We are not sure that we have the answer, but we have some ideas that we believe at least acknowledge some of the political and economic realities of a successful, existing organization and the natural tension such organizations have with blitzscaling growth – and we share some design ideas on how you might create institutional innovation at scale.

We believe we need to acknowledge at least two truths of large organizations:

  1. A successful founder can shape the business model, product/service offering, culture, incentives in a way that no successor can match unless he or she is a majority owner of a private company – and even then it is tough.  Put another way, only Steve Jobs, after he saved Apple could make a successful argument to the board for Apple to enter the smartphone business which was dominated by powerful channel partners (the carriers), foreign manufacturers (Norwegians, Germans, Koreans and Chinese) and offer a phone which was 2-5X as expensive as the existing phones.  At the time the iMac was selling like crazy and had almost 0% corporate penetration.  A non-founder CEO would have been told no!  No iPhone.

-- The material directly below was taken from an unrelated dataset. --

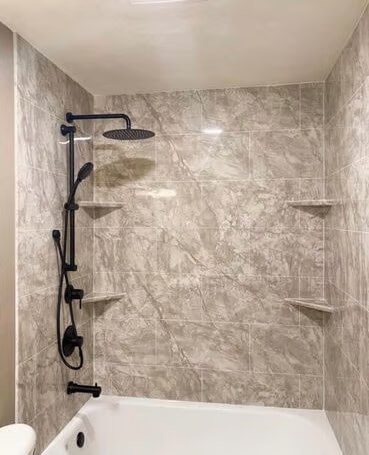 Shower area with a rain shower head, a handheld shower head, and three corner shelves on a tiled wall.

  2. The core expertise of any large organization is to decrease variance and increase the predictability of everything. Product creation, revenue forecast, earnings achievement, staff advancement – everything is aimed at being more predictable. This means the almost all (and there are a few exceptions) senior executives at Global 500 companies are smart, affable, hard-working, mentally tough and politically ruthless when they have to be.  With their products and services, they compete outside the organization, but with their careers, they compete inside.  They got to the top because they could predictably deliver and outcompete their peers.  A perfect innovation for them is one that is material to the business, is growing fast, and they can take ownership of it just when all the risk has been removed.  They may talk about failing fast, tolerating experimentation, learning from their mistakes, but it is the rare senior executive who really takes any material risks with the business (e.g. more than 10% of a cost or revenue base) in practice and the rare organization that rewards such risk-taking – with the exception of mergers, acquisitions, and divestitures – which are “acceptable bets”.